Not only was this a miracle for a girl who had dreamt to be in the film industry as a little girl, but also for an impressive résumé that she will get to share. Over 20,000 people applied to UCLA this year; and of those applying to the film program, they chose only 30 students to interview for transfer positions. In addition, however, of those 30 students, only 15 were accepted. Hatch’s nerves quickly turned to excitement. “When I got the acceptance letter, saying I was one of the 15, I just smiled.” Although she had many people telling her that she would not reach her goals, along with all odds stacked against her, she proved that those who doubt have no bearing on what a person is capable of. Instead, she used their negativity as fuel for success. “Hard work really does pay off.”
As a result of all of her hard work and incredible achievements, she credits her father for encouraging her to never give up. With a career as a police chief and children of his own, the man she calls her father chose to adopt and raise her, even though he “could have easily walked away and avoided the added stress of a kid with a complicated life,” says Hatch. “My dad is my superhero, and I strive everyday to make him proud because he took a chance on me when no one else would.” Just as he gave her a chance, she gives College of the Desert a chance by giving advice to those who may be in the boat she was in for most of her life.
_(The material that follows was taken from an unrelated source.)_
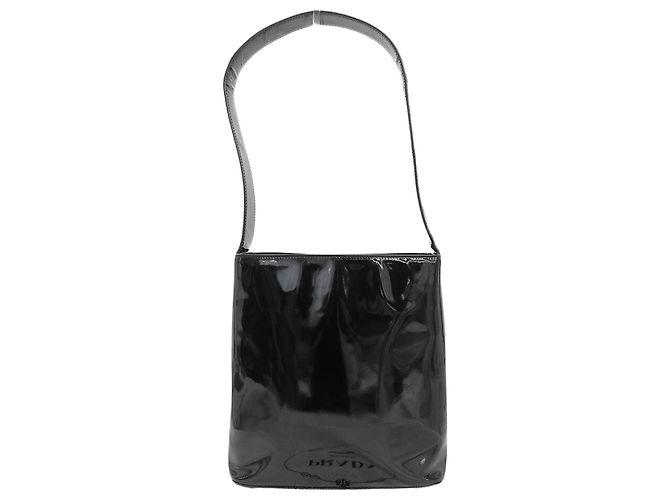 Bolsa de ombro em couro esmalte preto Prada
“As community college students, we’re generally all in a similar financial boat,” she begins. “We don’t have anyone paying for us to live in dorms at Ivy League universities or buying us cars and paying for our summer trips abroad. It can definitely get overwhelming when it becomes difficult to juggle school, work, familial obligations and still try to have a social life.” However, she shares what she did that helped her succeed and stick through the difficult times. “Imagine your life ten years from now. Where do you want to be? What do you want to have achieved or be working toward? Then look at your life right now and figure out if you’re on the right path to achieving these goals. Are the people you surround yourself with going to help you or hinder you?” Ultimately, she kept herself grounded with positive people and a mindset that enabled her to beat the odds. “You just have to look at the big picture and know that all the decisions you make now affect your future, but it is entirely up to you how they will affect it.”